Father in heaven. We wait for you. We wait for your justice, your mercy, and revival. God, you reconcile us to you. You give us hope when we were hopeless. You are full of mercy; you are abundant in love. Your grace fills our deepest longings. Your kindness is immeasurable. God, receive us today, wherever we are, however we are, so that we can embrace you as our father.

Help us see your son with eyes wide open, with ears unclogged. Lord, we want to be a part of your household. We know that we have indelible freedoms as part of your household. Freedoms that weren’t earned through battles or wars, but given to us by you, because we are your beloved children. Lord, help live as your beloved child, united with your son. Give us boldness to glorify you and point the world to your love. We pray all this in Jesus. Amen.

Last week, we concluded by saying: Our new lives with Christ are gifted to us so that God’s glory would be on display through them as his masterpieces. As God’s masterpieces, we must live full of purpose everywhere we do life: at home, at work, and the relationships we have with others in between.

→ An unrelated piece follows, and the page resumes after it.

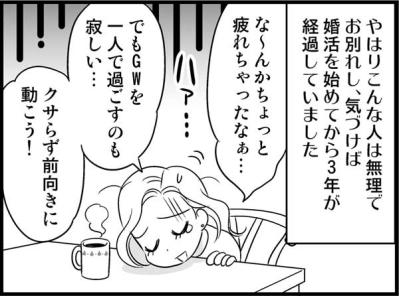 疲れる彼との別れを経て、博多大吉似の彼との出会い…！ついに交際スタートか！？【オトナ婚#27】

This week, we’re taking that idea further by moving from individual to collective. Our individual identity and purpose must complement our collective identity and collective purpose. Our Christian faith was never meant to be lived alone. In fact, our Christian faith was always meant to be lived out in community, with others united to God by the salvific work of Jesus Christ.

Here’s the problem, this isn’t happening in our world, is it? We see families break up. We see churches split. Denominations are currently are fracturing. If we’re being real honest, most days we can’t even get our own bodies to agree with what our minds are set to doing!

To live purposefully while collectively complementing the purpose of a corporate community is countercultural and is a radical departure from how we live out our everyday lives. I understand your hesitation to live in cooperation and collaboration with other people. Other people are broken and untrustworthy, and they will let you down or stab you in the back the first chance they get.

Some of us have been plotting an exit strategy from a relationships that may go too deep! Some of us keep an arm’s length from truly knowing anybody. You want to be free and unhindered by the rights, struggles, and issues of other people. That’s why you keep an undated resignation letter as draft email in your outlook.

Despite the potential conflicts and hurts of living our faith entrenched with others, our new lives with Christ are exponentially enhanced when surrounded by a multitude of God’s other masterpieces.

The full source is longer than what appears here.